Ciudad Rodrigo's Spanish garrison capitulated on the 10th of July
of that year 1810, and a wave of indignation such as must have
overwhelmed any but a man of almost superhuman mettle swept up
against Lord Wellington for having stood inactive within the
frontiers of Portugal and never stirred a hand to aid the Spaniards.
It was not only from Spain that bitter invective was hurled upon
him; British journalism poured scorn and rage upon his incompetence,
French journalism held his pusillanimity up to the ridicule of the
world. His own officers took shame in their general, and expressed
it. Parliament demanded to know how long British honour was to be
imperilled by such a man. And finally the Emperor's great marshal,
Massena, gathering his hosts to overwhelm the kingdom of Portugal,
availed himself of all this to appeal to the Portuguese nation in
terms which the facts would seem to corroborate.
He issued his proclamation denouncing the British for the disturbers
and mischief-makers of Europe, warning the Portuguese that they were
the cat's-paw of a perfidious nation that was concerned solely with
the serving of its own interests and the gratification of its
predatory ambitions, and finally summoning them to receive the
French as their true friends and saviours.
The nation stirred uneasily. So far no good had come to them of
their alliance with the British. Indeed Wellington's policy of
devastation had seemed to those upon whom it fell more horrible
than any French invasion could have been.

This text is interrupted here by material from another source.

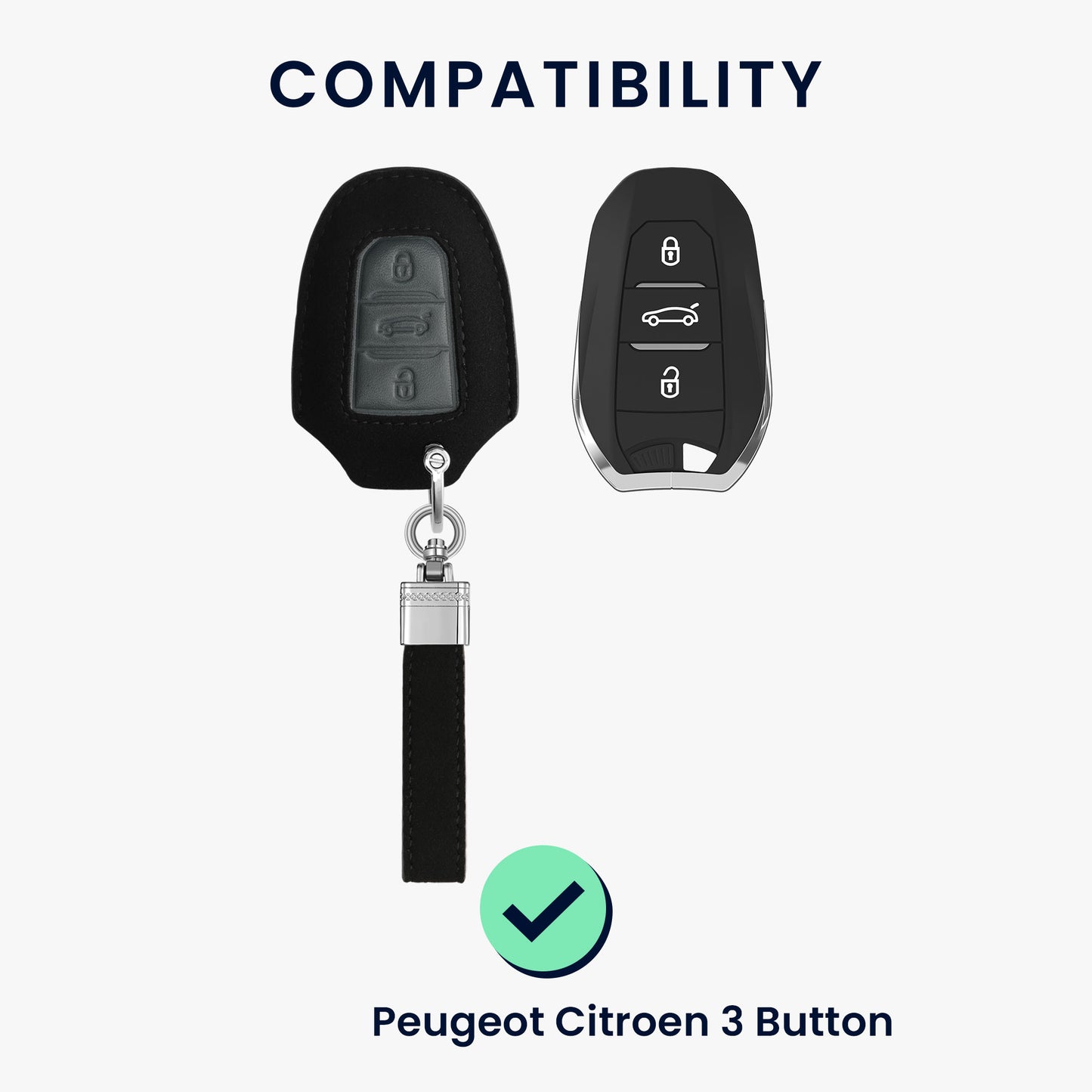 kwmobile Car Key Fob Cover made of Faux Leather compatible with Peugeot Citroen 3-Button Smart Key (Keyless Go only) - Key Fob Case Cover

But Wellington held the reins, and his grip never relaxed or
slackened. And here let it be recorded that he was nobly and
stoutly served in Lisbon by Sir Terence O'Moy. Pressure upon the
Council resulted in the measures demanded being carried out. But
much time had been lost through the intrigues of the Souza faction,
with the result that those measures, although prosecuted now more
vigorously, never reached the full extent which Wellington had
desired. Treachery, too, stepped in to shorten the time still
further. Almeida, garrisoned by Portuguese and commanded by
Colonel Cox and a British staff, should have held a month. But
no sooner had the French appeared before it, on the 26th August,
than a powder magazine traitorously fired exploded and breached
the wall, rendering the place untenable.
To Wellington this was perhaps the most vexatious of all things in
that vexatious time. He had hoped to detain Massena before Almeida
until the rains should have set in, when the French would have
found themselves struggling through a sodden, water-logged country,
through bridgeless floods and a land bereft of all that could sustain
the troops. Still, what could be done Wellington did, and did it
nobly. Fighting a rearguard action, he fell back upon the grim and
naked ridges of Busaco, where at the end of September he delivered
battle and a murderous detaining wound upon the advancing hosts of
France. That done, he continued the retreat through Coimbra. And
now as he went he saw to it that the devastation was completed along
the line of march. What corn and provisions could not be carried
off were burnt or buried, and the people forced to quit their
dwellings and march with the armya pathetic, southward exodus of
men and women, old and young, flocks of sheep, and herds of cattle,
creaking bullock-carts laden with provender and household goods,
leaving behind them a country bare as the Sahara, where hunger
before long should grip the French army too far committed now to
pause. In advancing and overtaking must lie Massena's hope.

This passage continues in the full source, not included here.